The first African Media and Conflict paper was a work in progress that pulled together some of the experiences of CR, analysis of African conflicts, how the media functions in those conflicts, some concepts of conflict resolution and preliminary thoughts on how, in their own particular circumstances, African journalists might be able to have more of a constructive impact on political, social and economic conflict. To help with that thinking we enlisted the aid of a small advisory group made up of area and professional specialists. The group -- Dr. Abiodun Alao, Penny Dale, Desmond Davies, Dr. Thémon Djaksam, Dr. Funmi Olonishakin, Chidi Odinkalu, and Michael Wolfers -- has made invaluable suggestions and comments on how to tackle the issues and problems faced by African journalists.
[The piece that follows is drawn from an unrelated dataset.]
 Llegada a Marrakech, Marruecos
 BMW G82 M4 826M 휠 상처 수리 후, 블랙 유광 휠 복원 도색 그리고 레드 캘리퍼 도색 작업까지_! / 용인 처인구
In May and June of 1998, Dr. Abiodun Onadipe, CR’s Media in Conflict programme co-ordinator, travelled to Accra, Monrovia and Lusaka with Peter du Toit, a South African conflict resolution trainer and journalist, to consult with gatherings of journalists from 11 countries in West and Southern Africa and to carry out a needs assessment with those on the media frontlines in those countries. The active planning and organisational support of the West African Journalists Association, the Press Union of Liberia and the Zambian Institute of Mass Communication were indispensable to the success of that assessment. We would also like to express our gratitude to the individual journalists who so candidly shared their views, suggestions and comments during the consultations. Their fascinating and forthright input makes up the core of this revised version of African Media and Conflict.

Last, but far from least, we are deeply grateful to the Ministry of Foreign Affairs, the Netherlands, for its financial support in the recent development of our media programming. We would also like to thank the United States Institute of Peace for its patient backing of often-postponed training work in Sierra Leone. We are also indebted to the UK Department for International Development for its initial support for CR’s media in conflict activities.

Despite all the expert help, we ask readers to excuse errors of fact, emphasis and interpretation. They are the authors’.